NVIDIA has invested a significant amount of resources in the field of artificial intelligence, as AI is widely regarded as the next potential trillion-dollar market. In the second half of 2018, NVIDIA released the new Xavier processor, followed by the Jetson AGX computing platform based on the Xavier processor. As a product designed for markets such as artificial intelligence, robotics, and autonomous driving, what unique internal designs and architectures do the Xavier processor and Jetson AGX have? Today, this article will explore these details with you.
NVIDIA has not been aggressive in processor development, especially in general-purpose processors. Since the Tegra exited the mobile platform, apart from some special devices, the main use of Tegra has been in artificial intelligence platforms. NVIDIA has invested heavily in the AI market, especially standing out in deep learning. To further enhance its influence in AI, robotics, and autonomous driving, NVIDIA released the new Xavier processor in August 2018, and in early 2019 launched the Jetson AGX platform, hoping to deliver stronger performance and a better application experience for related applications and markets. What kind of powerful performance can the Xavier processor, developed by NVIDIA specifically for AI-related platforms, bring?
NVIDIA has accumulated a certain amount of experience in processor development, with the Tegra series processors for mobile devices initially being well-received in the market. However, the Tegra processor has not been updated for several years, and NVIDIA has launched a new brand, Xavier, in the AI-related industry. From the brand layout, it seems that Tegra no longer targets the B2B market, and Xavier is the main product in this market.
Xavier is the largest SoC chip that NVIDIA has released to date. It contains 9 billion transistors, is manufactured using TSMC’s 12nm process, and has a chip area of 350 square millimeters. What does 350 square millimeters mean? To put it in perspective, the GP102, known as a large core, has a core area of only 471 square millimeters, while the lower-end GP104 core area is only 310 square millimeters. Therefore, considering various factors such as transistor count and chip area, Xavier can be considered a giant among ARM SoCs.
▲Front photo of the Xavier chip
The large chip area indicates that the expected performance metrics are also very high. This can be inferred from the architectural layout of Xavier. The internal structure of Xavier mainly consists of two large parts: one part is an 8-core Carmel architecture CPU, and the other part is a Volta architecture GPU.

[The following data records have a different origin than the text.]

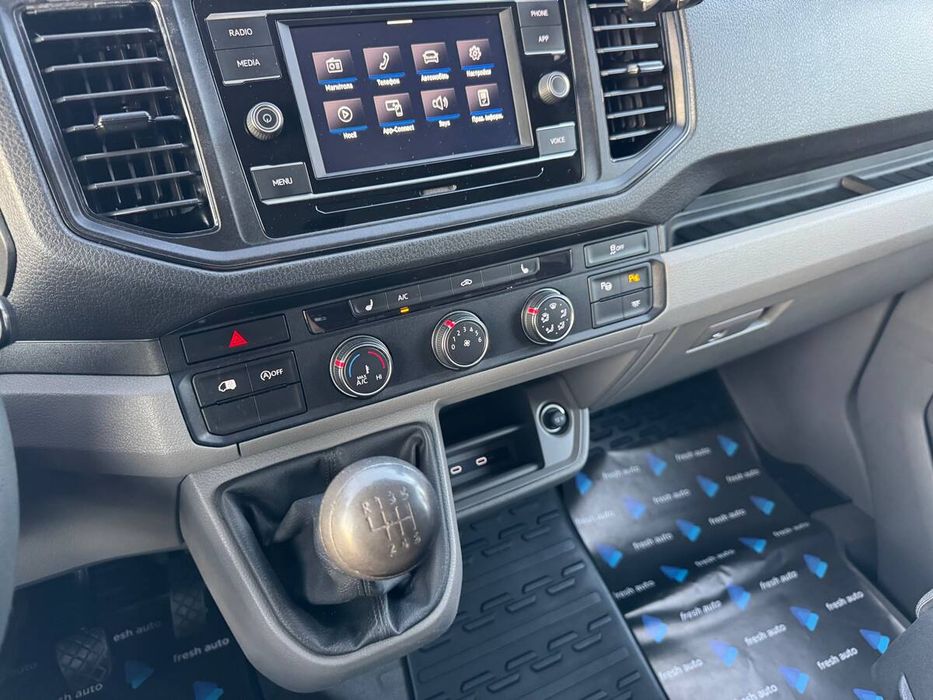 Volkswagen Crafter 2021 freshauto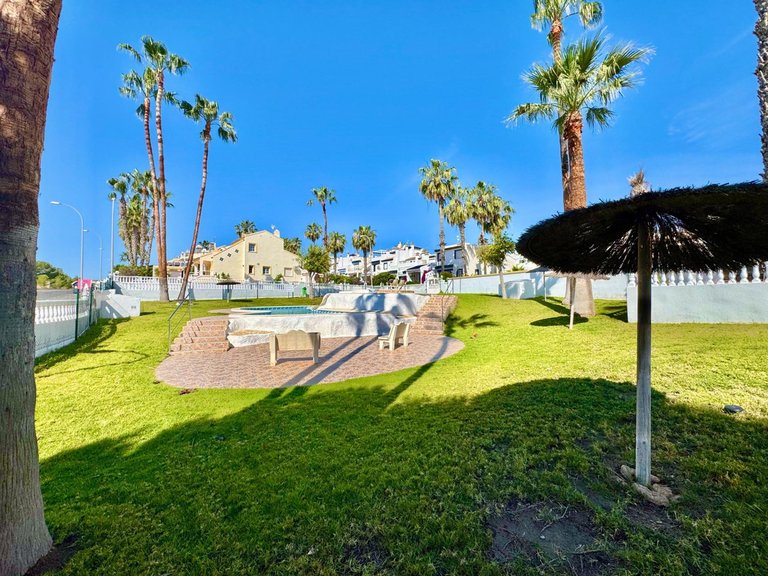 Town House for Sale in Villamartin, Alicante 36
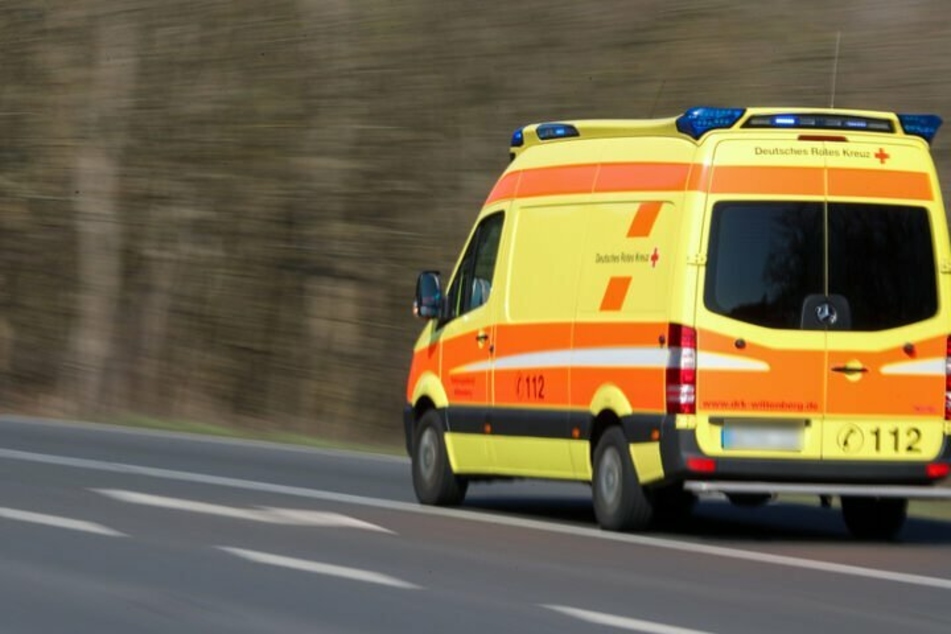Trotz Wiederbelebungsversuchen starb der Unfallverursacher noch am Unfallort. (Symbolbild)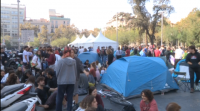 Uns 200 estudantes acampan no centro de Barcelona nunha xornada de folga con seguimento escaso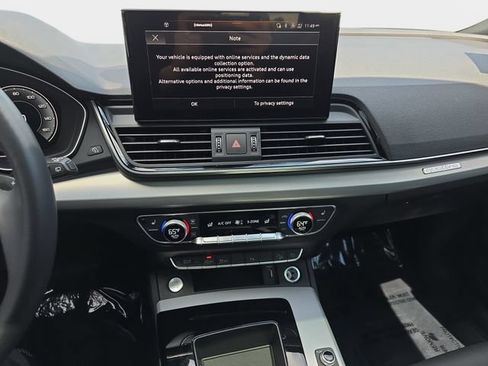 Used 2025 Audi Q5 2.0T Premium w/ Convenience Plus Package AWD/4WD image 23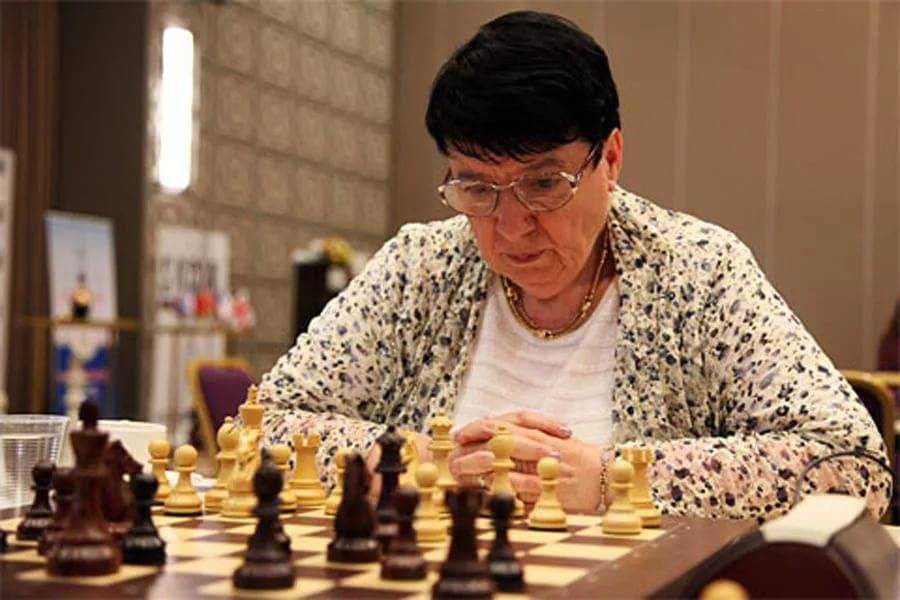 Нона гаприндашвили vs. netflix: иск на 5 миллионов долларов | chess-news.ru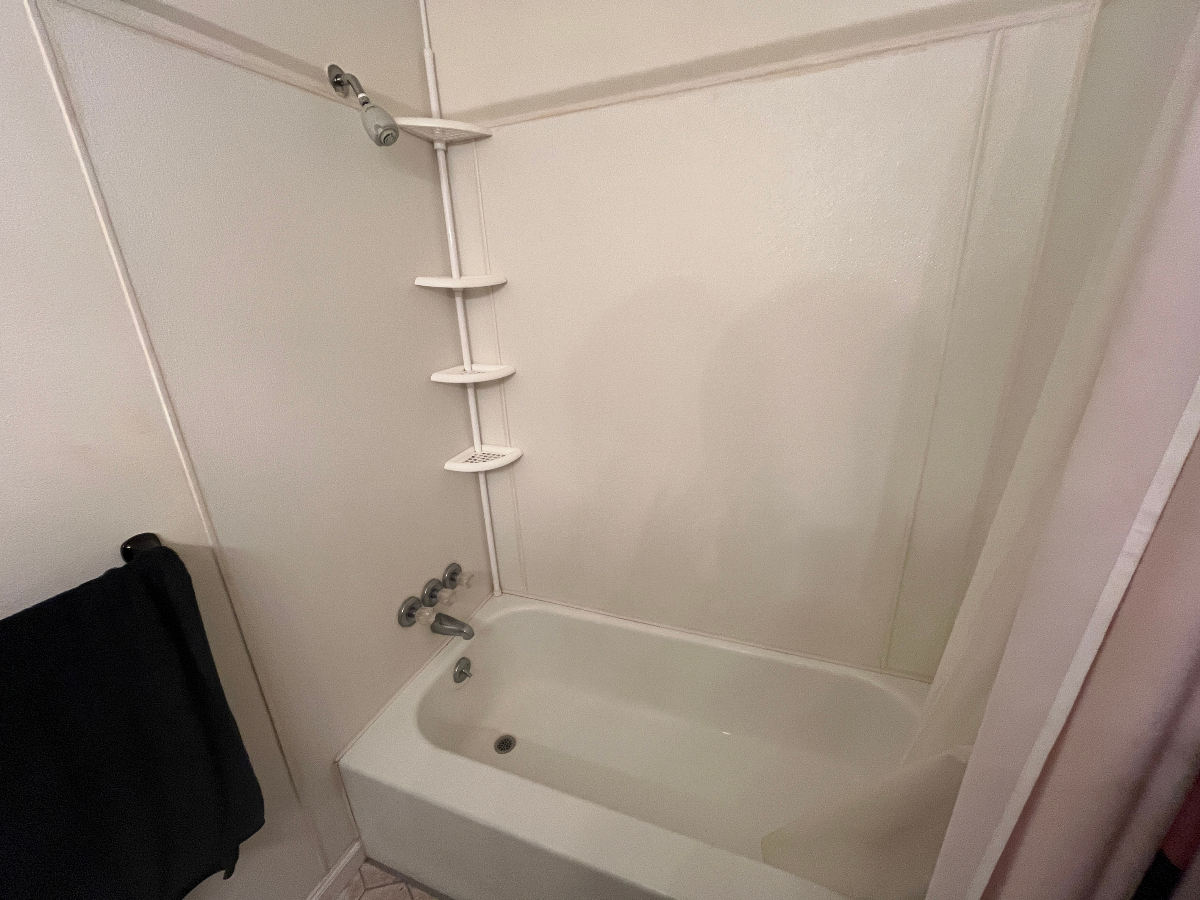 Quiet 3bd / 2bath Home Near Downtown - Photo 11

On the CPU side, the 8 Carmel cores are divided into 4 clusters, with each cluster containing a set of Carmel CPUs, each controlled by an independent clock unit, and the 2 CPUs within each cluster share a 2MB cache. The CPU portion of Xavier shares a 4MB L3 cache among the 4 clusters. Currently, NVIDIA has not provided any detailed information about the Carmel architecture, only vaguely referring to it as a 10-wide superscalar architecture, which is almost identical to the previous Denver architecture. Additionally, the Carmel architecture supports the ARMv8.2 instruction set, including support for RAS instruction sets.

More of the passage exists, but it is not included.